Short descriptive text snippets
======

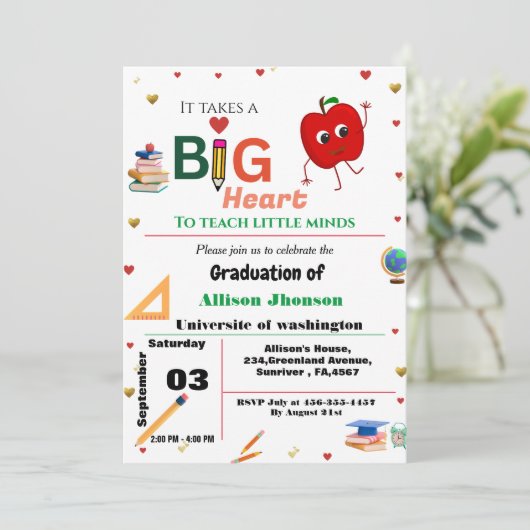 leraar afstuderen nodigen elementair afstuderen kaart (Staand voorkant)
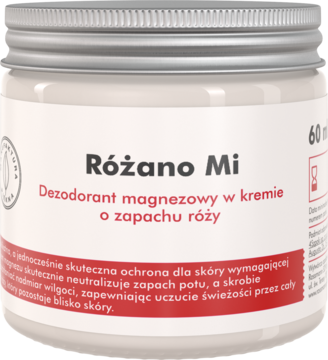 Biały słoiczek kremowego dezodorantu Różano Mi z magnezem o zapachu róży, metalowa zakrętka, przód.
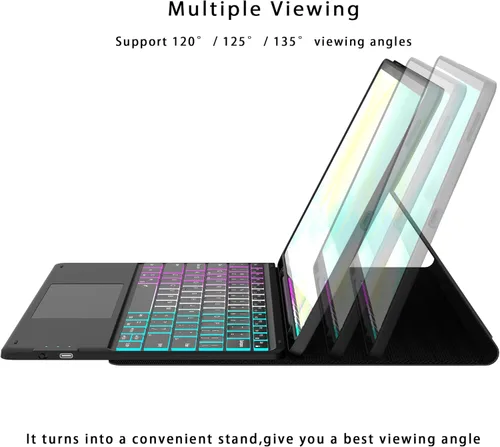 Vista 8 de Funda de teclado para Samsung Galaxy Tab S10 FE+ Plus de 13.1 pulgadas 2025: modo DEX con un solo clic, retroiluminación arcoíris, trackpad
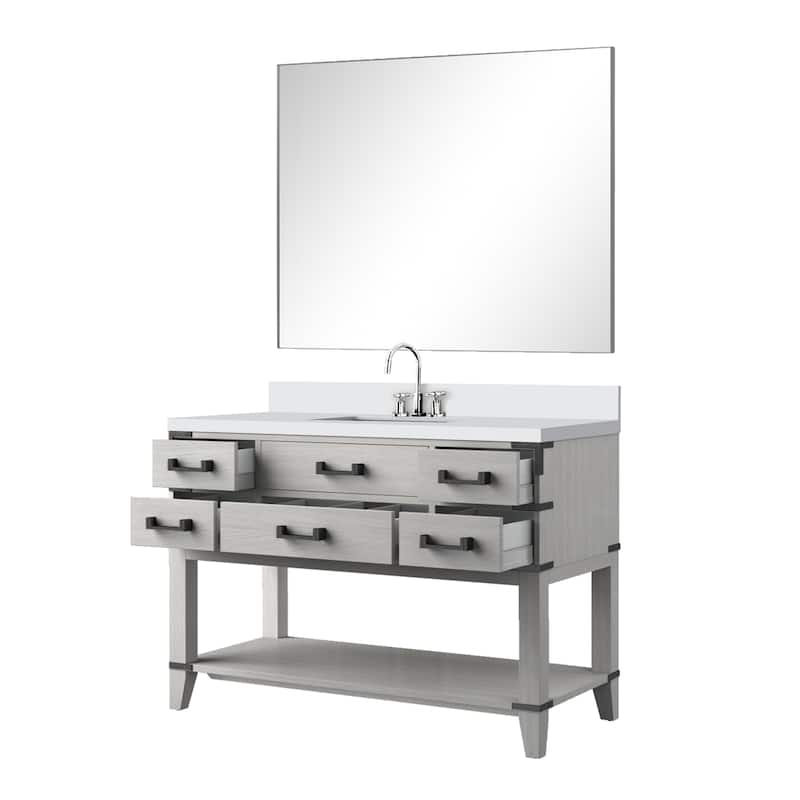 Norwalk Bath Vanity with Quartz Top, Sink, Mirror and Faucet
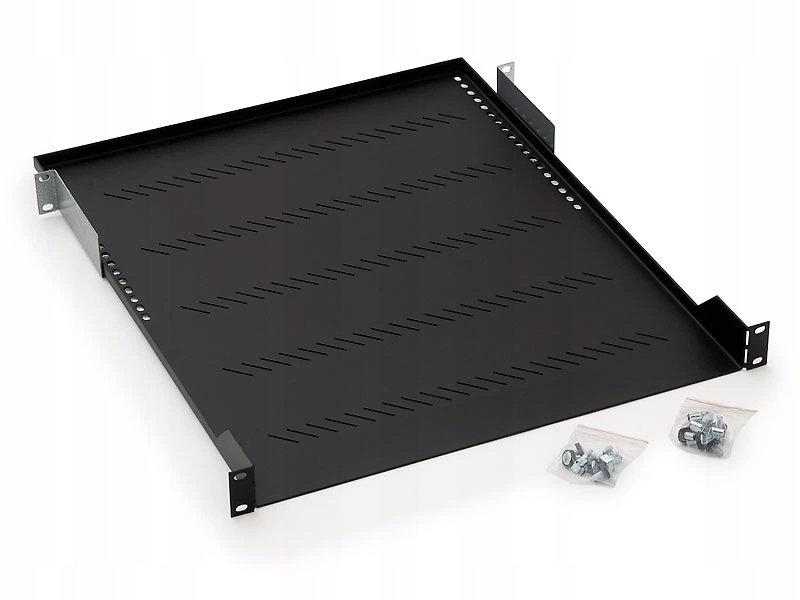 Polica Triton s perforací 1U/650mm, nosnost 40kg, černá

======

Nothing but the lines from the line containing "Biały słoiczek kremowego" through the last line of the records above is to be extracted, exactly and with no pictures.

- Answer to this task:
 Biały słoiczek kremowego dezodorantu Różano Mi z magnezem o zapachu róży, metalowa zakrętka, przód.
 Vista 8 de Funda de teclado para Samsung Galaxy Tab S10 FE+ Plus de 13.1 pulgadas 2025: modo DEX con un solo clic, retroiluminación arcoíris, trackpad
 Norwalk Bath Vanity with Quartz Top, Sink, Mirror and Faucet
 Polica Triton s perforací 1U/650mm, nosnost 40kg, černá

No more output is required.